*INPUT FOR THIS TASK:*
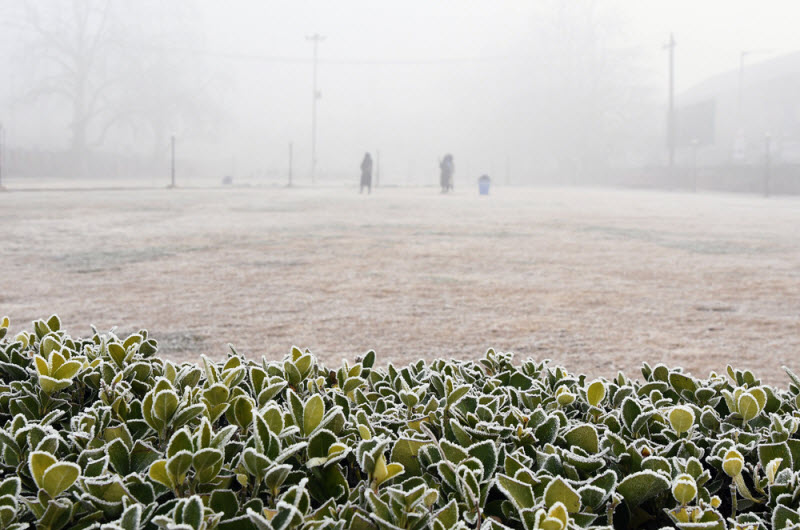 Интересные снимки из Индии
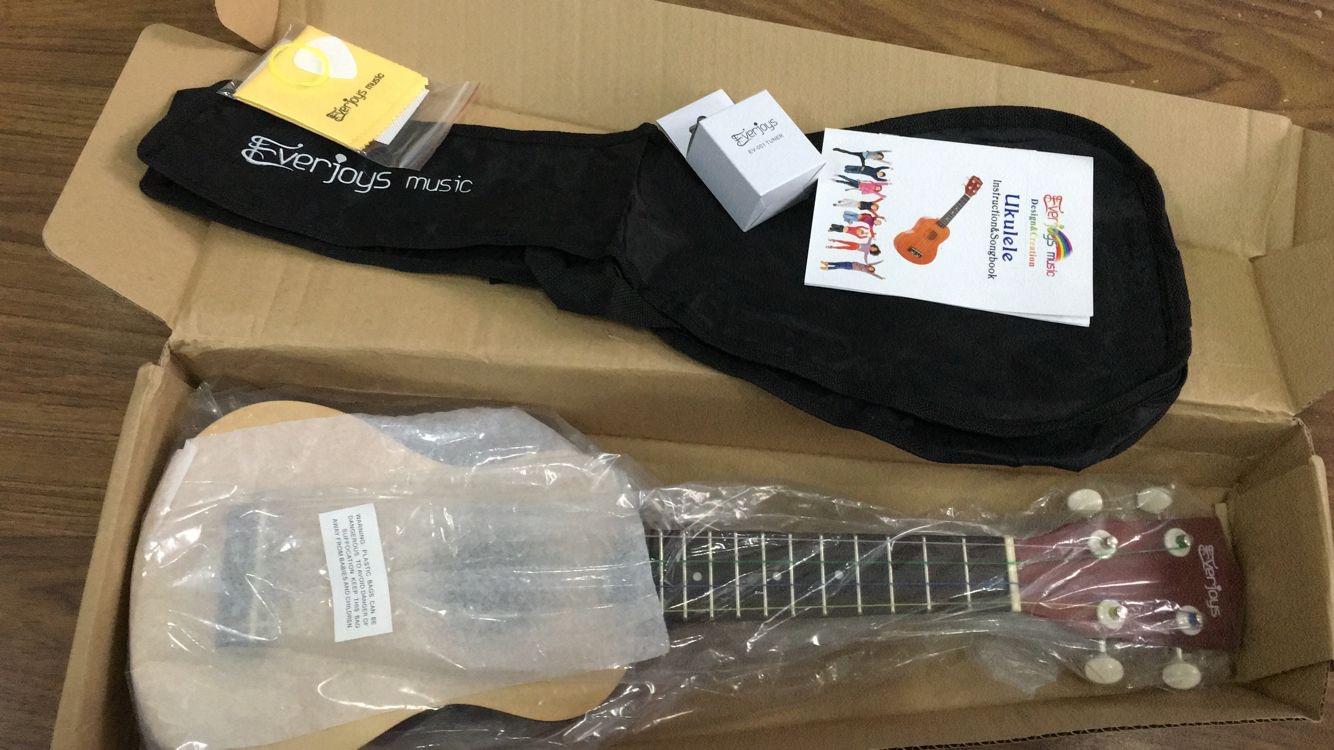 Everjoys Soprano Ukulele Beginner Kit 21 Inch w/Free Online Lesson Gig Bag Tuner Picks Strap, Fast to Learn (Rainbow String) customer photo 2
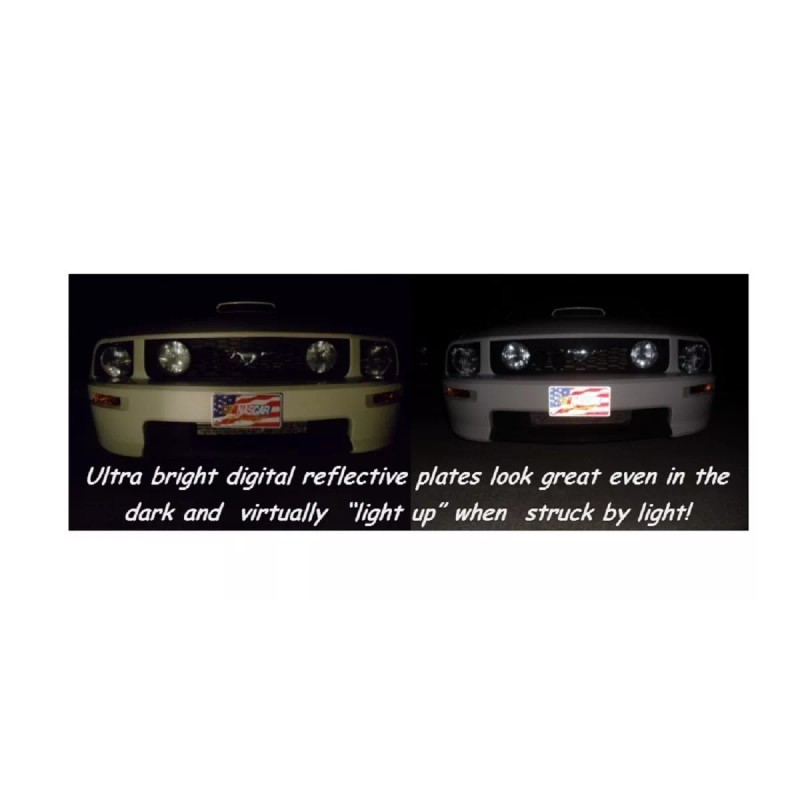 Race Plates #3 Dale Earnhardt Intimidator Faux Diamondplate Design DP0317INT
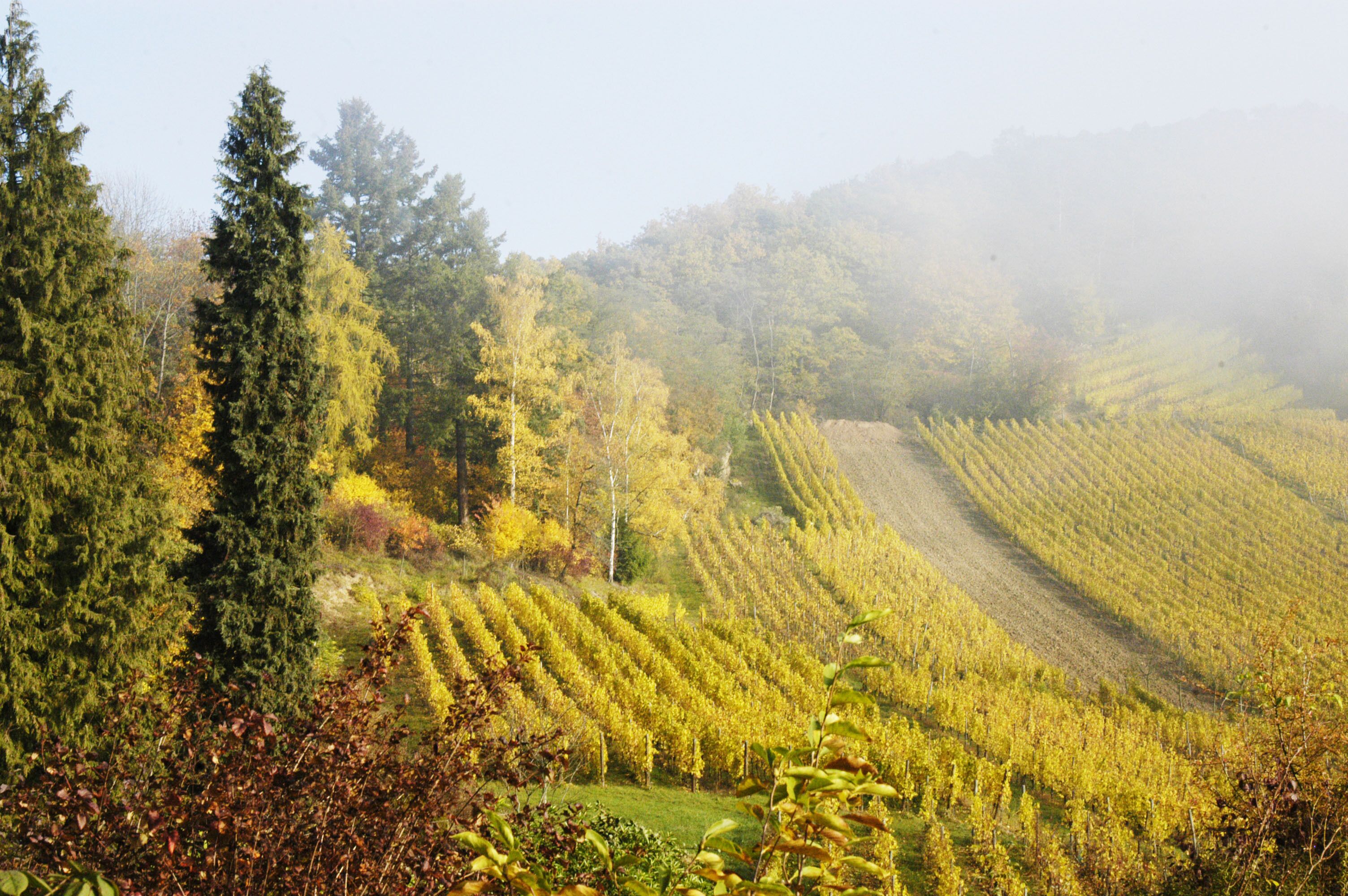Une partie de nos vignes pendant les vendanges.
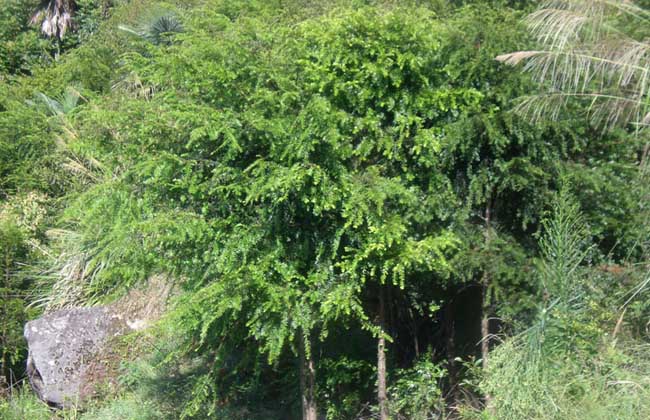 红豆杉种植技术视频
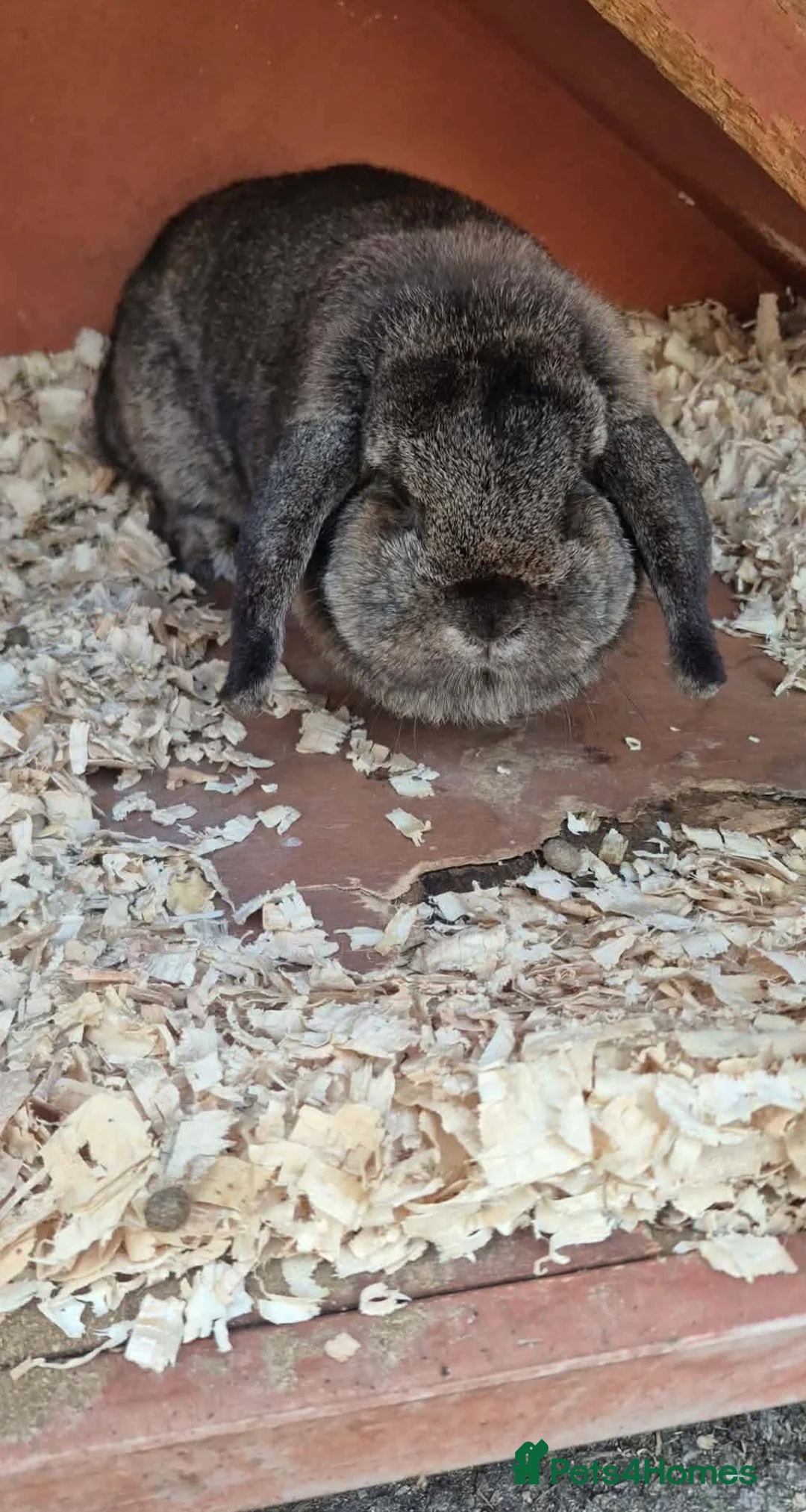 English Lop rabbits for sale: Rescue brother and sister.  - Advert 2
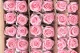 Preserved Rose on Stem 20" Light Pink (set of 30) 4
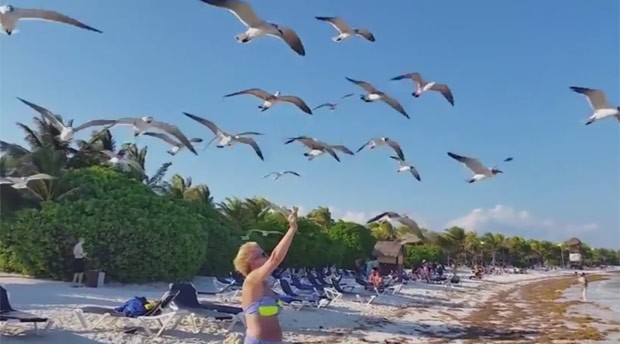Banhista foi atingida por excrementos ao tentar alimentar gaivotas em praia (Foto: Reprodução/YouTube/Kyoot Animals)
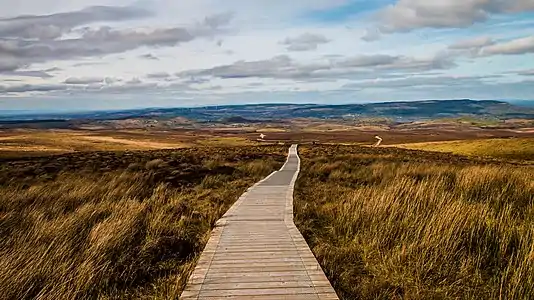 Boardwalk section of "Stairway to Heaven"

*GOAL OF THE EXERCISE:* Pictures do not belong in the copy. Please reproduce the entries above exactly otherwise.

*COMPLETED EXERCISE:*
 Интересные снимки из Индии
 Everjoys Soprano Ukulele Beginner Kit 21 Inch w/Free Online Lesson Gig Bag Tuner Picks Strap, Fast to Learn (Rainbow String) customer photo 2
 Race Plates #3 Dale Earnhardt Intimidator Faux Diamondplate Design DP0317INT
Une partie de nos vignes pendant les vendanges.
 红豆杉种植技术视频
 English Lop rabbits for sale: Rescue brother and sister.  - Advert 2
 Preserved Rose on Stem 20" Light Pink (set of 30) 4
Banhista foi atingida por excrementos ao tentar alimentar gaivotas em praia (Foto: Reprodução/YouTube/Kyoot Animals)
 Boardwalk section of "Stairway to Heaven"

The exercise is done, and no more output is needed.